Die großen Schwäne umschwammen es und streichelten es mit dem Schnabel. Es schadet nichts, in einem Entenhofe geboren zu sein, wenn man nur in einem Schwanenei gelegen hat.
An den Teich kamen da einige kleine Kinder, die warfen Brot und Korn in das Wasser, und das kleinste rief: »Die neue ist fieschönste, so jung und so prächtig!«

Quanda fühlte sich beschämt und steckte den Kopf unter ihre Flügel; sie wußte selbst nicht, was sie beginnen sollte, sie war allzu glücklich, aber durchaus nicht stolz; denn ein gutes Herz wird nie stolz!

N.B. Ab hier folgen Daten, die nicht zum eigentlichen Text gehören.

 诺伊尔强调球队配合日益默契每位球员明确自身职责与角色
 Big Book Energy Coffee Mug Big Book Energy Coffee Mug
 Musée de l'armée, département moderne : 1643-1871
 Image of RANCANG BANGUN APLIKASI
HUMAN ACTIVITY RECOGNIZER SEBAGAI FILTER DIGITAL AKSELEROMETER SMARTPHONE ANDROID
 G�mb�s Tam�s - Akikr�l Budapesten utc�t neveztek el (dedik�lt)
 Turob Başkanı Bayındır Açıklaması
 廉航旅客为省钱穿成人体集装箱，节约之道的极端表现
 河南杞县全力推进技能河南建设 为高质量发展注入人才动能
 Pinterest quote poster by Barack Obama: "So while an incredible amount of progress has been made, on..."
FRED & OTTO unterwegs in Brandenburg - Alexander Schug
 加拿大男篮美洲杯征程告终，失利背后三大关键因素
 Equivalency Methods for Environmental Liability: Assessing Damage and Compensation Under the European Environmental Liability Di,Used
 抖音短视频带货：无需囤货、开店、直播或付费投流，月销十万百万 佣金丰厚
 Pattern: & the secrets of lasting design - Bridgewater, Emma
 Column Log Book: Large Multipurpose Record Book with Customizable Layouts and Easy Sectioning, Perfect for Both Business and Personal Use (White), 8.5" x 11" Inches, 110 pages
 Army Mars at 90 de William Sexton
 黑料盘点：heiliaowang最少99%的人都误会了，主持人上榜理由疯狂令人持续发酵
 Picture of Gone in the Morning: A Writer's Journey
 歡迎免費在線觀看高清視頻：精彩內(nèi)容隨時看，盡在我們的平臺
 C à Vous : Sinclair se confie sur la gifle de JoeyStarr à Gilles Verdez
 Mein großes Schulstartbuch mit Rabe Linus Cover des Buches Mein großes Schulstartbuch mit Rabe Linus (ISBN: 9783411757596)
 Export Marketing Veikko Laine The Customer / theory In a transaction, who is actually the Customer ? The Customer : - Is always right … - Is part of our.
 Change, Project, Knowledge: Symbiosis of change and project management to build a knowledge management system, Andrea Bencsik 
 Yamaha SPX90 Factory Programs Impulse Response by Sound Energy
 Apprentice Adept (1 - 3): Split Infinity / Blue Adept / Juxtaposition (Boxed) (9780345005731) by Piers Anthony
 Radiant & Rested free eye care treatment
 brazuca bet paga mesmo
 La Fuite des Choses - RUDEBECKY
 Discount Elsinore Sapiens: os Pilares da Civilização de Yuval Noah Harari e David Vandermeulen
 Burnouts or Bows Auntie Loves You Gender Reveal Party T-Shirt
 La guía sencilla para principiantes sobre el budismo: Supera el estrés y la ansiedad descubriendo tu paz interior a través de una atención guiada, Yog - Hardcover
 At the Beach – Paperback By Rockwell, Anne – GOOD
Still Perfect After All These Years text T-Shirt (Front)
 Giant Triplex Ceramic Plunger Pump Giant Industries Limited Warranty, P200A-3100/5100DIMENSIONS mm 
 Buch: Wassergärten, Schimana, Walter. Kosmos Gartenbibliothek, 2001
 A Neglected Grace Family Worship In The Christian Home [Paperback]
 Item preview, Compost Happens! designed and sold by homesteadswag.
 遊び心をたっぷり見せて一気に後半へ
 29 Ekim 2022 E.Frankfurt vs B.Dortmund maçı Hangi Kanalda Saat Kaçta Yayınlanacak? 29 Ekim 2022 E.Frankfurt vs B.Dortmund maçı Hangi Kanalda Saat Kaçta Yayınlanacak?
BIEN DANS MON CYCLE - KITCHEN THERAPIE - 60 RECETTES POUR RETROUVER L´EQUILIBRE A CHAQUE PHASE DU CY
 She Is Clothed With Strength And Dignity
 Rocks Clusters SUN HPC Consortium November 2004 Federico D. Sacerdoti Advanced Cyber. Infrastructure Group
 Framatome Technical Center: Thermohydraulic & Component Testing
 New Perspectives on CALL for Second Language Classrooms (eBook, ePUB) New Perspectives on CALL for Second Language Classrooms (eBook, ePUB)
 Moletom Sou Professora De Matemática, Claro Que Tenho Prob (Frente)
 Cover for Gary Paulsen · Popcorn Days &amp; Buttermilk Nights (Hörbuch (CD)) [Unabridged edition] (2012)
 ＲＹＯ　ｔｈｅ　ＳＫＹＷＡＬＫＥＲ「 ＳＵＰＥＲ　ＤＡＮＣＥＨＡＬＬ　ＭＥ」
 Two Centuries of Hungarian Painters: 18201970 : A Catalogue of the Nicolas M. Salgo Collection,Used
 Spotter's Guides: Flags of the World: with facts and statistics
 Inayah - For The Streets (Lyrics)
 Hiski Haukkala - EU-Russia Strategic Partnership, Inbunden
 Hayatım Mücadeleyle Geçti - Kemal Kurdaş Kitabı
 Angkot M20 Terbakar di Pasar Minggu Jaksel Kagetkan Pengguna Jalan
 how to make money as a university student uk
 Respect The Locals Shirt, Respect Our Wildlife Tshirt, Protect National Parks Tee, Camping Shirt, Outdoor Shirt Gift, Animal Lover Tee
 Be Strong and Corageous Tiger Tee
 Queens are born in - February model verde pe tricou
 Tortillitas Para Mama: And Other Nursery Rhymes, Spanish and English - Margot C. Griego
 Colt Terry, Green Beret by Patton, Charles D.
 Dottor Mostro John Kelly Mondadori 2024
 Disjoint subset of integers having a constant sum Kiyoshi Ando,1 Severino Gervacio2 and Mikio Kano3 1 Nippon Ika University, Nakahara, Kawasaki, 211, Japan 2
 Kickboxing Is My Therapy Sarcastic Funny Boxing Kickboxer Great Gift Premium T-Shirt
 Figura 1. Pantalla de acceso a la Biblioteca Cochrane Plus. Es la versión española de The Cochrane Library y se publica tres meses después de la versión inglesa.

Aus vollem Herzen jubelte sie: »So viel Glück habe ich mir nicht träumen lassen, als ich noch das häßliche Entlein war!«

Später vertraute sie mir an, dass sie etwas falsch verstanden habe. Immer, wenn ich sagte: „Gott hat dich unendlich lieb“, hat sie verstanden „Gott hat dich nur un-entlich lieb“.

Heute, am 4. August, vor 135 Jahren starb Hans Christian Andersen, dem wir – unter anderem – das Märchen vom Hässlichen Entlein verdanken, einem von ihm erfundenen Kunstmärchen.